• [Work task] Your task is to give the listing below back word for word, pictures excluded.

• [Dataset excerpt]
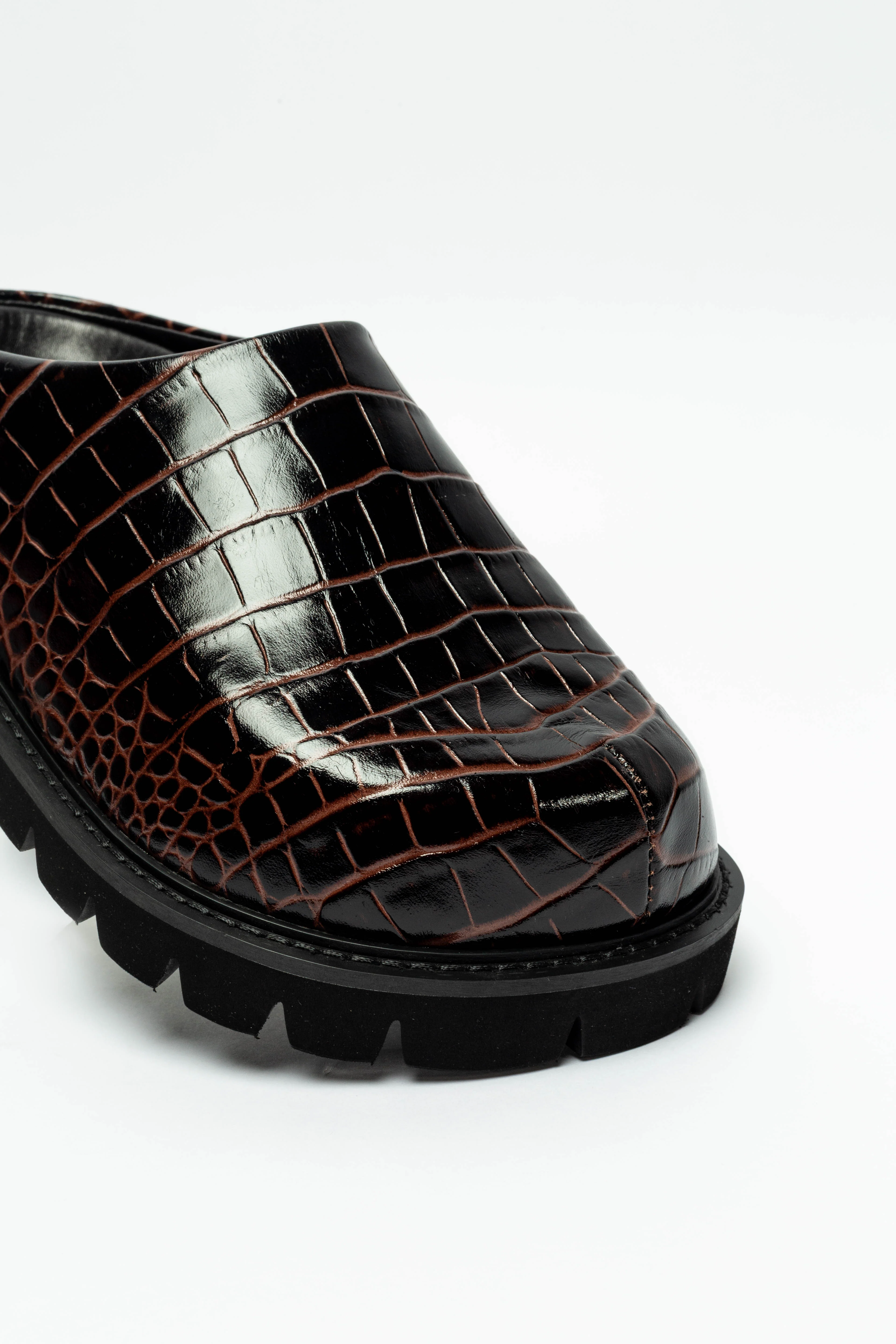 ROAM BROWN CROC - Image 3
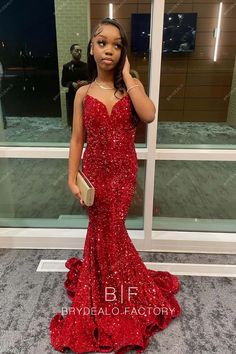 V-neck Gown For Red Carpet And Prom Season, Red V-neck Mermaid Dress For Prom, Red Mermaid Dress With Sweetheart Neckline For Party, Red Sweetheart Neckline Mermaid Dress For Party, Red Mermaid Prom Dress With Sweetheart Neckline, V-neck Evening Dress For Red Carpet Or Prom Season, Glamorous V-neck Evening Dress For Red Carpet, Glamorous Red Carpet Evening Dress With V-neck, Glamorous Red Fishtail Gown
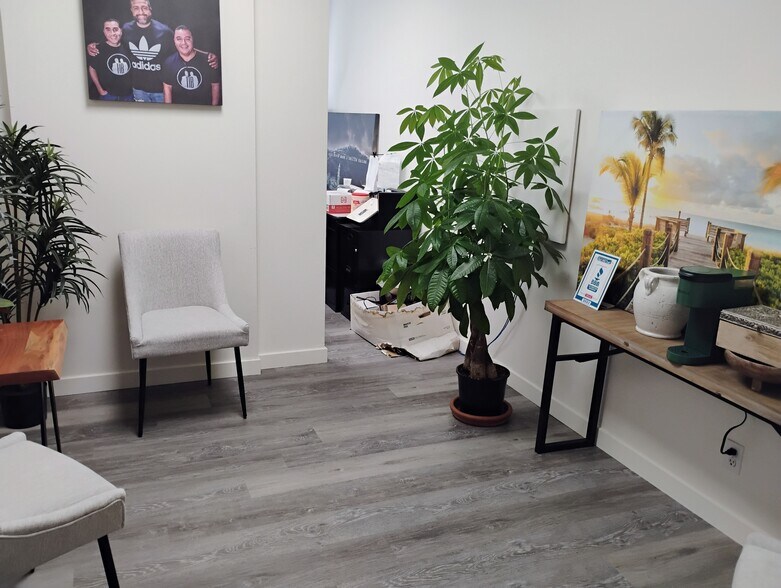 More Photos Of 2300-2316 Huntington Dr, San Marino Loft Creative Space For Lease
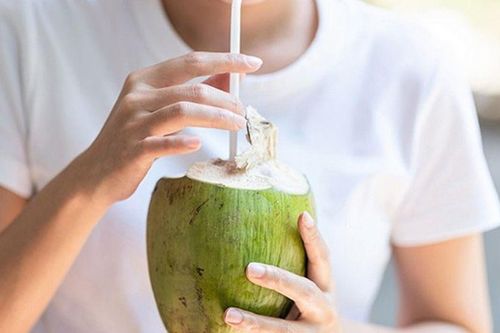 Bị thận yếu, đừng vội uống nước dừa nếu chưa biết điều này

• [Worked solution]
 ROAM BROWN CROC - Image 3
 V-neck Gown For Red Carpet And Prom Season, Red V-neck Mermaid Dress For Prom, Red Mermaid Dress With Sweetheart Neckline For Party, Red Sweetheart Neckline Mermaid Dress For Party, Red Mermaid Prom Dress With Sweetheart Neckline, V-neck Evening Dress For Red Carpet Or Prom Season, Glamorous V-neck Evening Dress For Red Carpet, Glamorous Red Carpet Evening Dress With V-neck, Glamorous Red Fishtail Gown
 More Photos Of 2300-2316 Huntington Dr, San Marino Loft Creative Space For Lease
 Bị thận yếu, đừng vội uống nước dừa nếu chưa biết điều này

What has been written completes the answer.